§ Exercise details: Print every record exactly, but leave out the pictures.

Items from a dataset
-*-*-
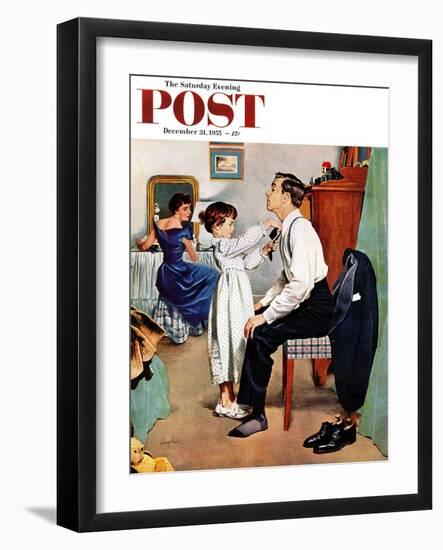 "Fixing Father's Tie" Saturday Evening Post Cover, December 31, 1955-George Hughes-Framed Giclee Print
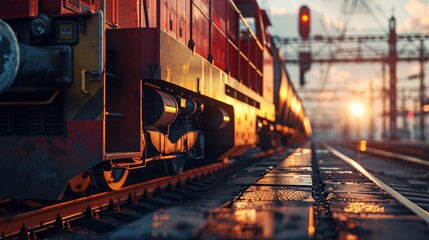 freight train on railway - obrazy, fototapety, plakaty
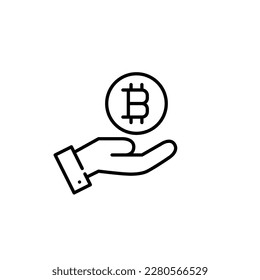 Hand holding bitcoin coin symbol. Pixel perfect, editable stroke icon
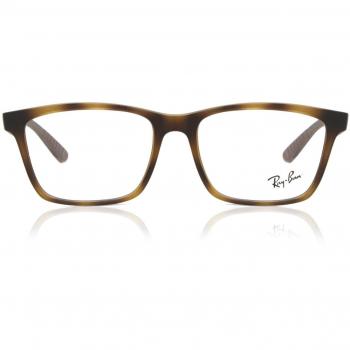 Ray-Ban RX7025 8282 Unisex Square Tortoiseshell Eyeglasses Size 53 with Blue Light Blocking Option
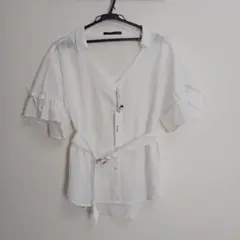 【わけあり】Heather フリル袖 スキッパー　　シャツ 半袖 ホワイト 白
-*-*-
§ Problem solution:
 "Fixing Father's Tie" Saturday Evening Post Cover, December 31, 1955-George Hughes-Framed Giclee Print
 freight train on railway - obrazy, fototapety, plakaty
 Hand holding bitcoin coin symbol. Pixel perfect, editable stroke icon
 Ray-Ban RX7025 8282 Unisex Square Tortoiseshell Eyeglasses Size 53 with Blue Light Blocking Option
 【わけあり】Heather フリル袖 スキッパー　　シャツ 半袖 ホワイト 白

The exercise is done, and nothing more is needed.